■ **What you are asked to do**
In the records that follow, the lines from the one containing "2006 Nissan Altima" to the one containing "2021 Brook Hill", inclusive, are to be given again exactly.

*** Source data

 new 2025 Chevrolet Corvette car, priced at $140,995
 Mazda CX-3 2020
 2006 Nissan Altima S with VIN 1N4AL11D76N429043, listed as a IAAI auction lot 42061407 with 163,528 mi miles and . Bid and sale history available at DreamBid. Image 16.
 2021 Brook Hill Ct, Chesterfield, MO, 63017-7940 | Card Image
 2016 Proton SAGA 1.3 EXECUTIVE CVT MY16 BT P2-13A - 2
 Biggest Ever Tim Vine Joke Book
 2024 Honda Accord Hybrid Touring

******
*** Source data

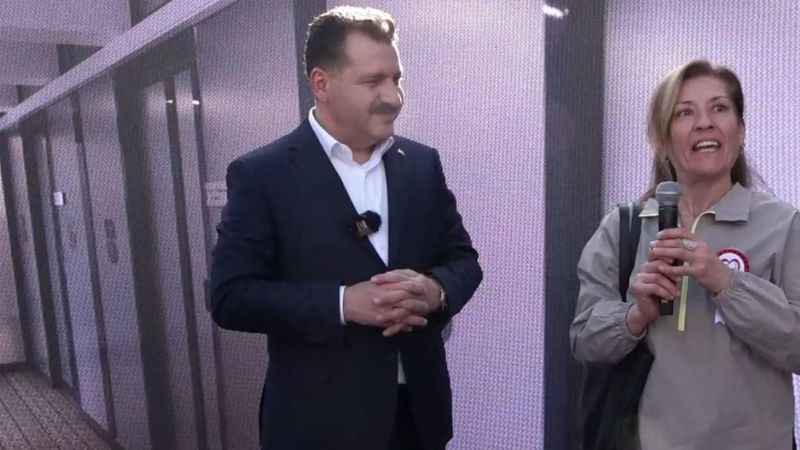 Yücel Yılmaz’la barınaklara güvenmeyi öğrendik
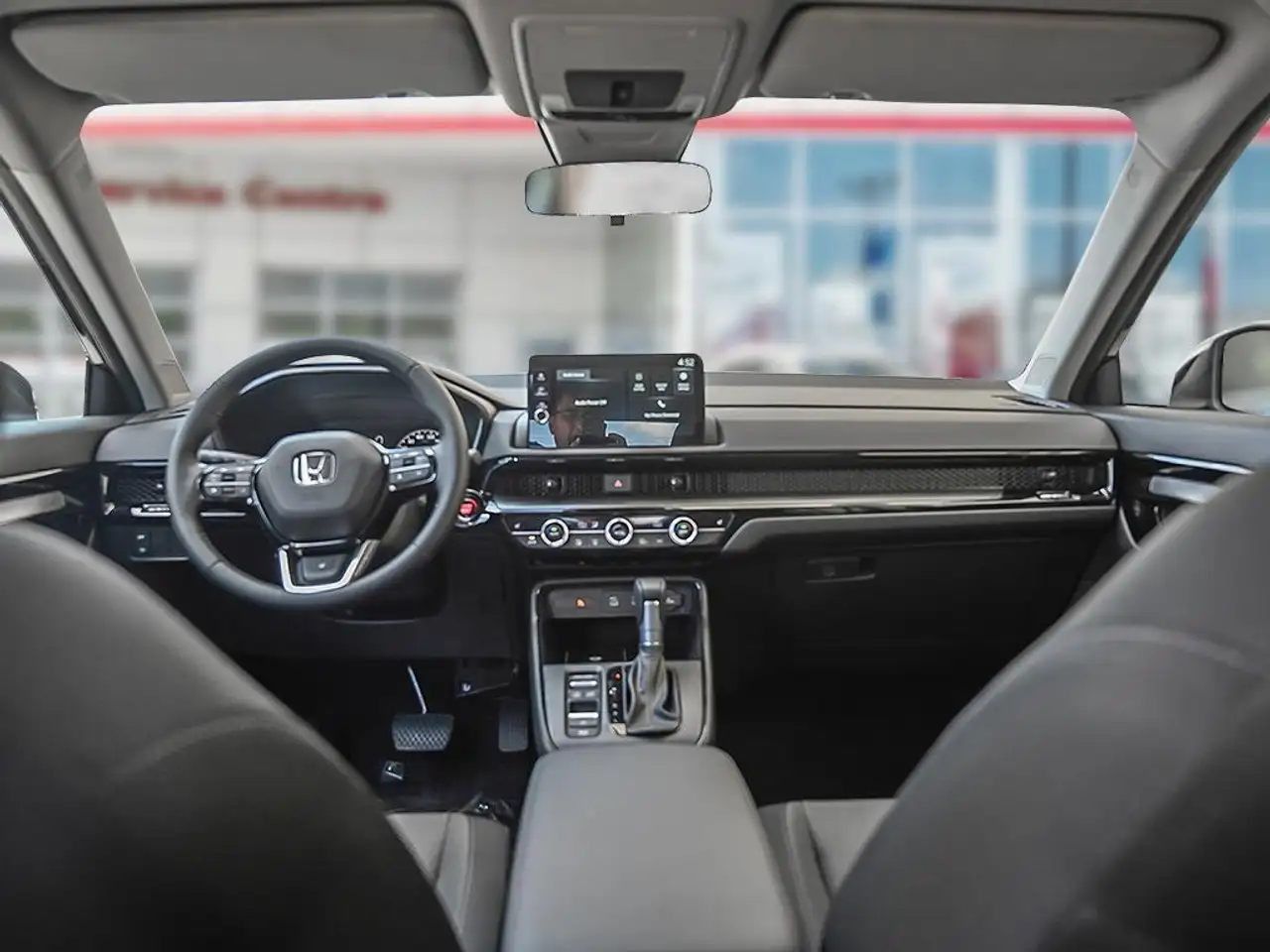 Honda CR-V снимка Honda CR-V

******
*** Source data

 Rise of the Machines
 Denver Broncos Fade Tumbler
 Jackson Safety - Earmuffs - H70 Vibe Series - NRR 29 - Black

******

■ **Response area**
 2006 Nissan Altima S with VIN 1N4AL11D76N429043, listed as a IAAI auction lot 42061407 with 163,528 mi miles and . Bid and sale history available at DreamBid. Image 16.
 2021 Brook Hill Ct, Chesterfield, MO, 63017-7940 | Card Image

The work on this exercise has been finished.